I want to look at these seraphim for a moment. You know God is a holy God; the more sin you have the further you distance yourself from Him. That is why Jesus came; to take away our sin so that we would be clean enough to come before the Father. These creatures, these seraphim, are right beside the throne of God, flying just above it. With two of their wings they cover their face as if unworthy to look upon the One on the throne. With two of their wings they cover their feet – or lower bodies as it says in Ezekiel – this was the usual token of reverence in the presence of Eastern monarchs. These mightiest of creatures were humble in the presence of Almighty God. And they continually cry out “Holy, holy, holy is the Lord God Almighty.”
They are still crying that out nearly 1,000 years later in Revelation 4, when John sees them. In fact John says they rest not, night and day from crying out “Holy, Holy, Holy is the Lord God Almighty who was and is and is to come.” THIS is our God. Father, Son and Holy Spirit. Holy, Holy, Holy.

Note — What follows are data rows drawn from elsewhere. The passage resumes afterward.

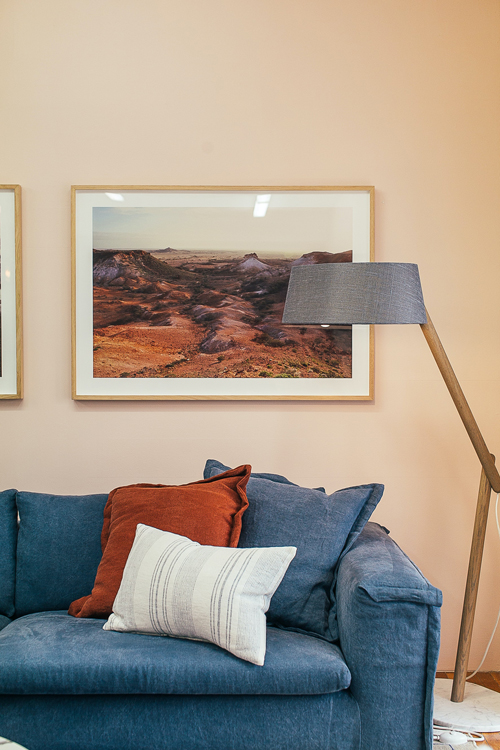 A cozy living space with a blue sofa, accent pillows, a floor lamp, and framed landscape artwork.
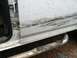 1992 Ford C-350 (Centurion Conversions) - Close-up of a dirty truck door and running board, showing wear and tear.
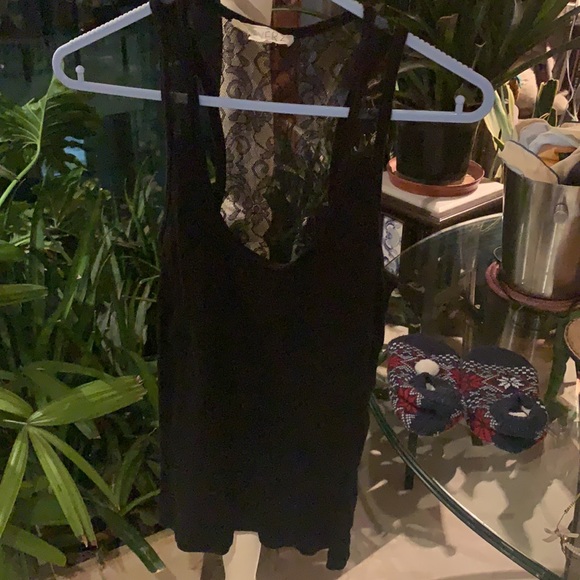 Forever 21 Tops - FOREVER 21 black sleeveless tee. Lace detail on the back. Size S.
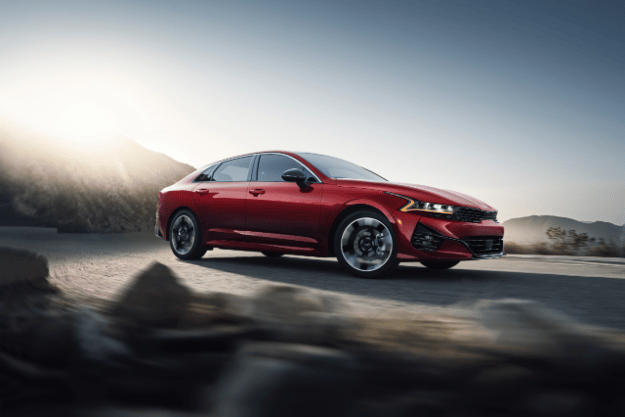 2022 Kia K5 GT-Line Driving Near Mountains Three-Quarter View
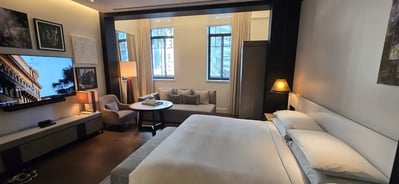 Romslig rom på Capell Sydney. Stor dobbeltseng, sittegruppe med sofa, bord og stol og tv og bilder hengende på veggen.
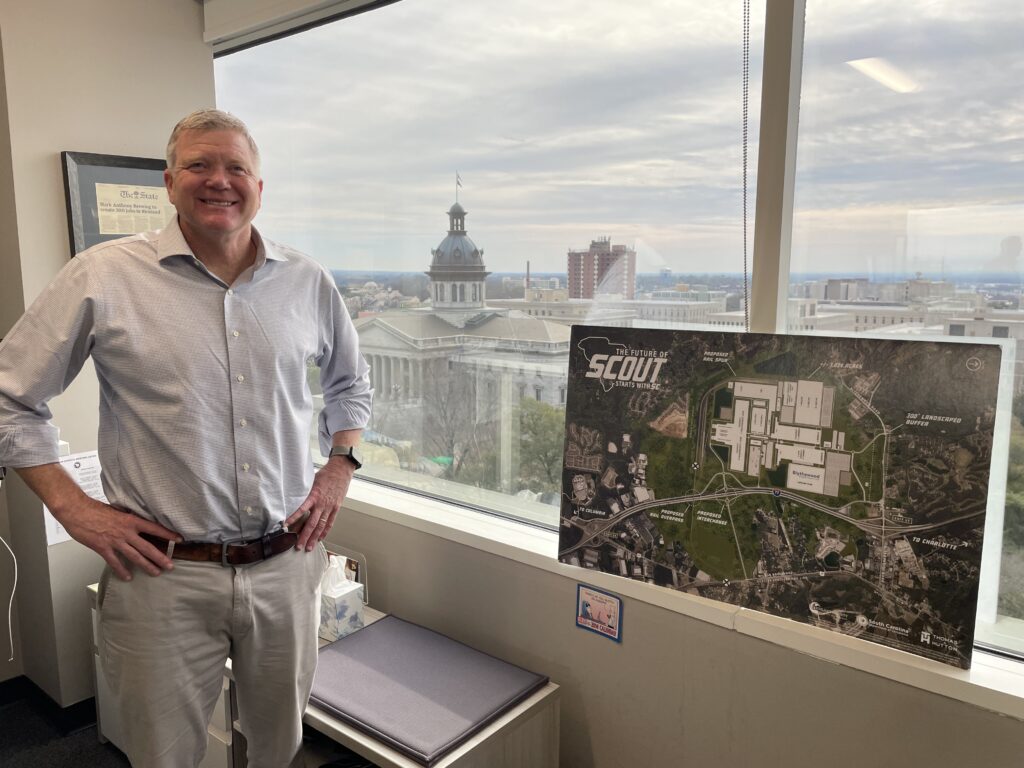 With the South Carolina statehouse behind him, Jeff Ruble, director of the Richland County Economic Development Office, shows the site plan for Scout Motors new $2 billion plant. Credit: Marianne Lavelle/Inside Climate News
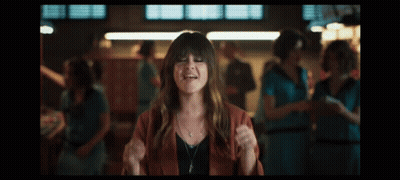 A Woman In A Red Jacket Is Making Funny Faces GIF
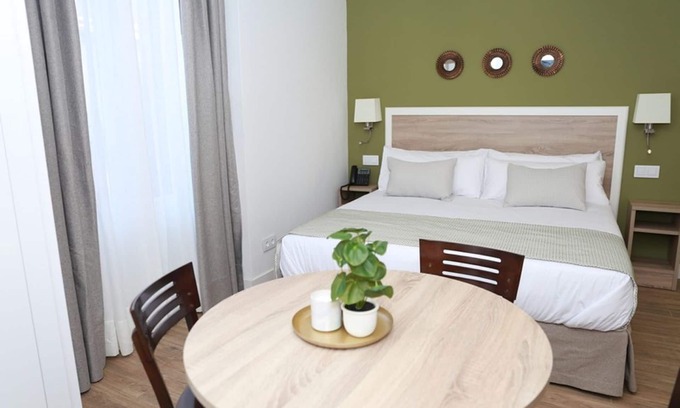 Sol Apartment | Exterior studio with a balcony for 2 people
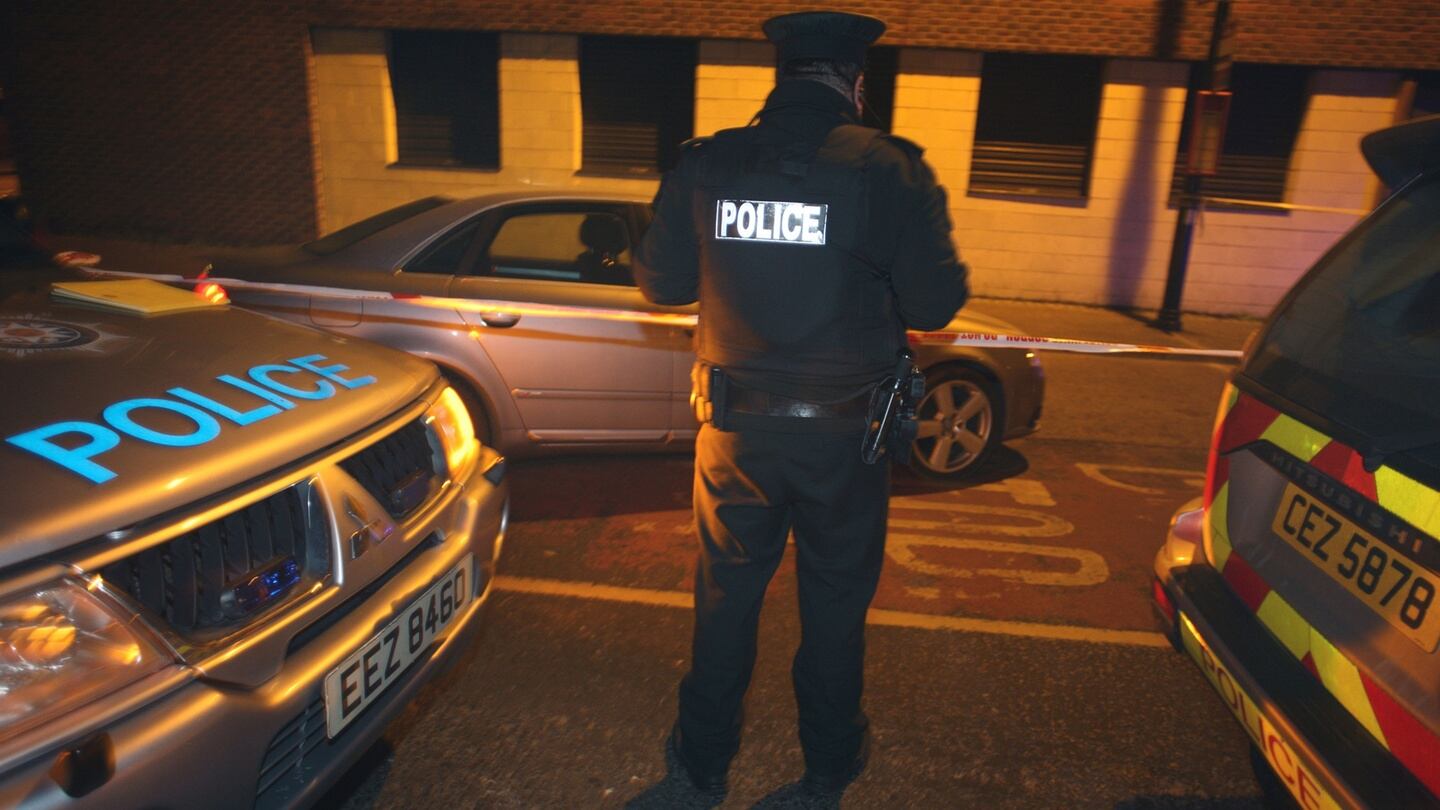 PSNI on the Antrim Road after a police officer was shot in the arm at a petrol station in north Belfast. Photograph: PA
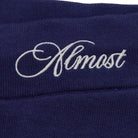 Navy blue fabric with 'Almost' embroidered in white thread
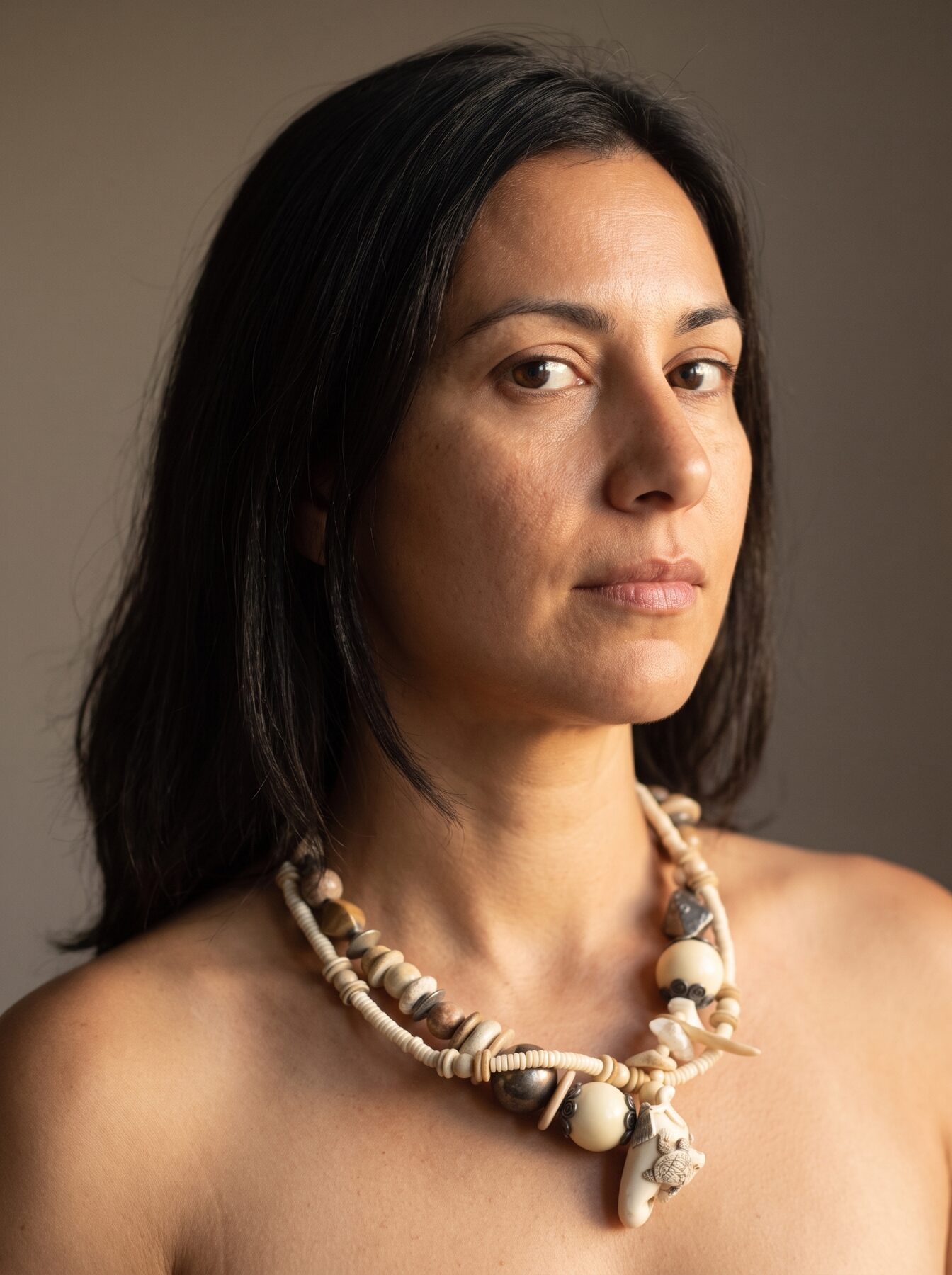 Netsuke with Turtle necklace by Naga By Nevara worn by a model, three quarter view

Simon Peter had a similar reaction to Isaiah when He was confronted with the power of God for the first time in Luke 5:1-10. Jesus had been using Simon’s fishing boat to speak to the crowds. When he finished, he told the fishermen to push the boat out into the deep for a catch. Simon informed the [ignorant] preacher that a) you don’t fish during the day, and b) you certainly don’t throw the nets down in the deep not to mention that c) they, the professional fishermen, had been fishing all night and had caught nothing. “However,” Simon says, “let’s see if you can back your fancy words up with something practical.” The result, of course, was that they caught so many fish their nets began to tear, they had to call in extra boats to help haul in the catch and, even then, the boats were in danger of sinking from the weight of the fish.
What was Peter’s reaction to all this? Did he say, “Wow! That’s impressive. I guess you’re not just all talk and no action.”? Did he say, “How did you do that?” Not at all. What he actually did was to fall at Jesus’ feet and say, “Depart from me, I am a sinful man.” And we rock up to church with a “howdie doodie Jesus” attitude almost as if we are the ones doing Him a favour by coming. Oh, the church has lost its power and authority because we have lost the fear and awe of the Lord. In Proverbs 1:7, when it says, “The FEAR of the Lord is the beginning of wisdom,” the word used is יָרֵא (yir-aw) and only twice in the Tanach is it translated ‘reverence’. In all other instances it is translated in various permutations of ‘fear’, ‘dread’ and ‘terrible’. As in dreadful, exceedingly afraid.
I want to leave you with a question. Could it be that in our modern presumption, and maybe a consequence our 21st Century theology where grace trumps obedience, that we have lost our understanding of, reverence for, and hunger for the holiness of God? In the song I Can Only Imagine, the lyrics ask, “Will I stand in your presence, or to my knees will I fall? Will I sing hallelujah? Will I be able to speak at all?” I’m thinking the latter, like Jesus’ actual ‘bestie’, John, the beloved disciple, when he sees the Lord in Revelation 1:17, I will most likely “[fall] at his feet as though dead.”
Ask the Lord for a greater revelation of His holiness and come back to “the heart of worship” where “it’s all about Him”.